Il petrolio continua ad essere una delle variabili più sfuggenti degli ultimi mesi sui mercati finanziari. Dopo il robusto recupero dai minimi di fine 2018 si è passati ad una fase di stand by. Tra domanda in calo e dubbi sulla produzione.

Le quotazioni del petrolio sono strettamente legate alle dinamiche, piuttosto vivaci al momento, di domanda ed offerta. Dal lato della domanda va semplicemente annotato come, in uno scenario di rallentamento globale, la richiesta di greggio tenda naturalmente a diminuire. A pesare è soprattutto il rallentamento cinese visto che il colosso asiatico è, dal 2017, il primo importatore di petrolio al mondo. Segnali contrastanti vengono dagli USA dove l’andamento delle scorte ed i dati sugli impianti estrattivi segnalano prevalentemente una potenziale fase di fiacca.

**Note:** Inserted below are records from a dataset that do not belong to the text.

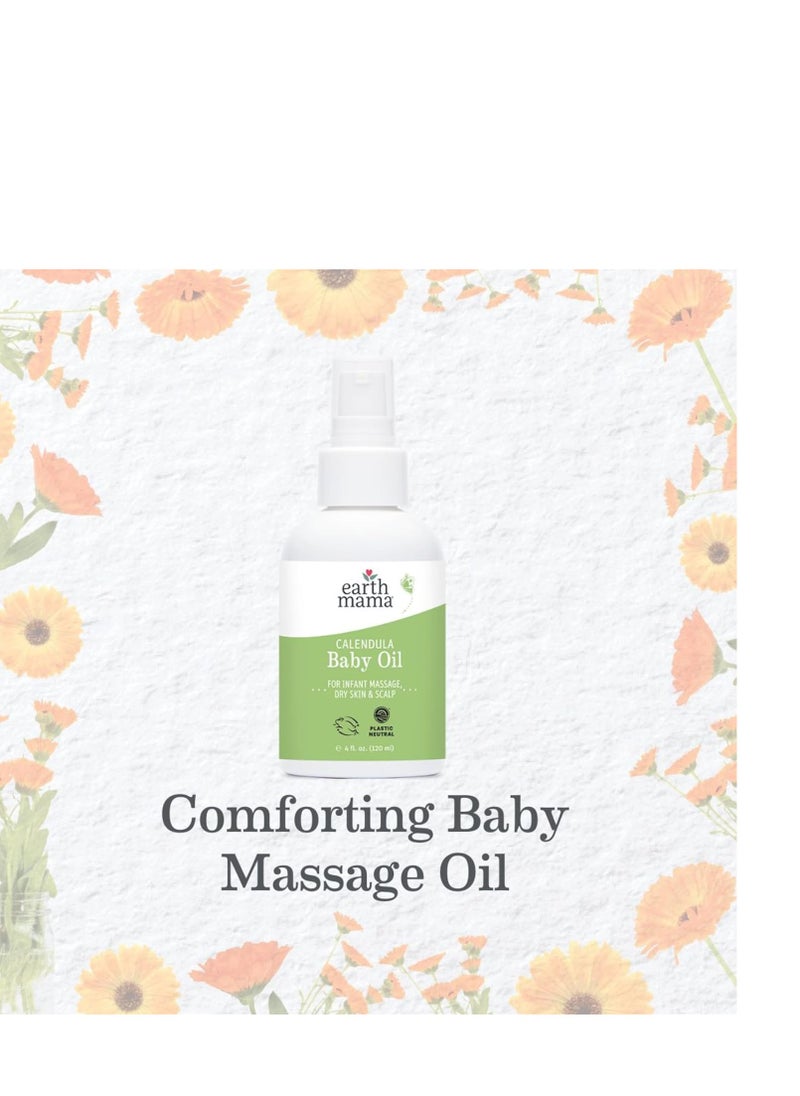 Earth Mama Earth Mama Calendula Baby Oil | Massage Oil for Newborn Skin Care, Dry Skin & Scalp Moisturizer, Fragrance Free, 4-Fluid Ounce  - Image 4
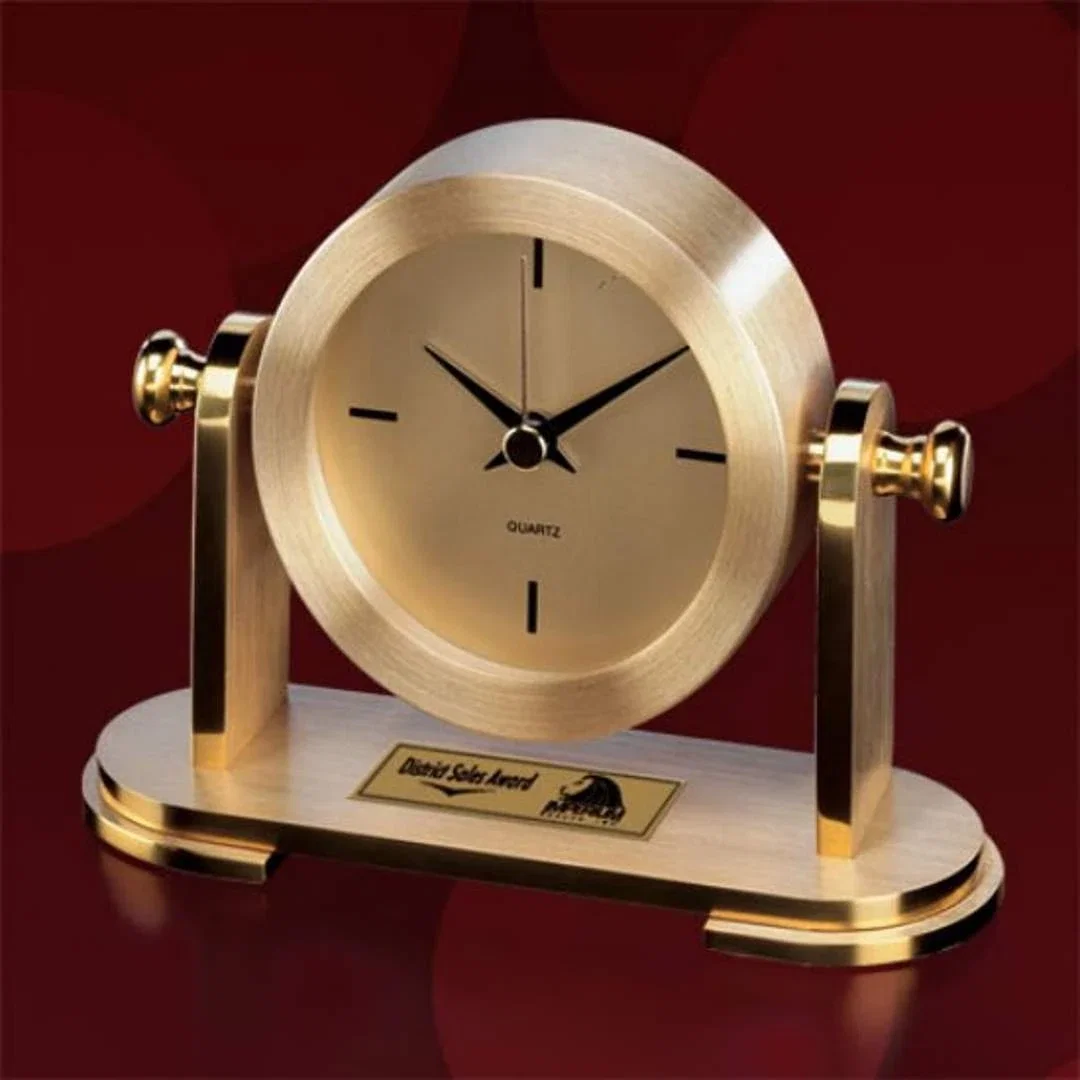 Custom Gold Finish Suspended Pivoting Quartz Clock for employee recognition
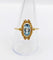 Bague 60 Art déco - Bague en or 18k, aigue-marine et couronne fleurie (vers 1920) 58 Facettes A07910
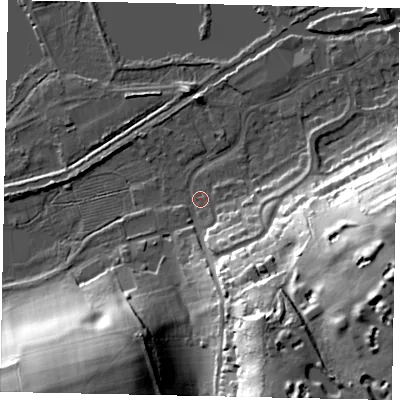 Shaded relief map of the ground around WD31NP, computed from Environment Agency LiDAR. The ground here sits at about 46 m above sea level and falls 37 m across the surrounding 800 m. Surface water reaching this point runs off ground lying to the south-south-east, 30.7 m higher.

Ma è dal lato dell’offerta che le cose si complicano e di molto. L’OPEC, intrapresa la strada del taglio della produzione per sostenere i prezzi, sembra intenzionata a continuare la stretta (a giugno la nuova decisione), con l’Arabia Saudita e la Russia alleate in questa strategia. Dall’altro lato c’è la politica di Trump, che mira a “togliere” dal mercato clienti scomodi come l’Iran (sanzioni) ed il Venezuela di Maduro, assumendo, nel frattempo, un atteggiamento “destabilizzatore” sulla Libia (il via libera ad Haftar) e spingendo sull’Arabia Saudita per un aumento della produzione (con l’intento di tenere i prezzi abbastanza bassi da accontentare i petrolieri US ed i cittadini alla pompa di rifornimento). Bank of America, in una recente nota, sottolinea come le vicende che ruotano attorno alla produzione del petrolio rischiano di portare ad un mercato sempre meno fornito.

Sul fronte dei prezzi c’è da notare l’irrobustimento di un fenomeno noto come backwardation e che, in parole semplici, consiste nella presenza di un prezzo spot o quello della scadenza più ravvicinata superiore rispetto al prezzo dei contratti con scadenze più lunghe. In pratica gli operatori sono disposti a pagare di più una fornitura a breve rispetto ad una fornitura più in la nel tempo. Per questo motivo la backwardation viene considerata segnale di un mercato poco fornito o a rischio di repentini cali di produzione.

In questo complicatissimo scenario è difficile stabilire quali possano essere le possibili evoluzioni del prezzo del greggio. Si è passati dal rievocare il rischio del barile a 100 dollari all’ipotesi, attualmente la più quotata, di una permanenza dei prezzi del greggio tra i 60 ed i 70 dollari al barile.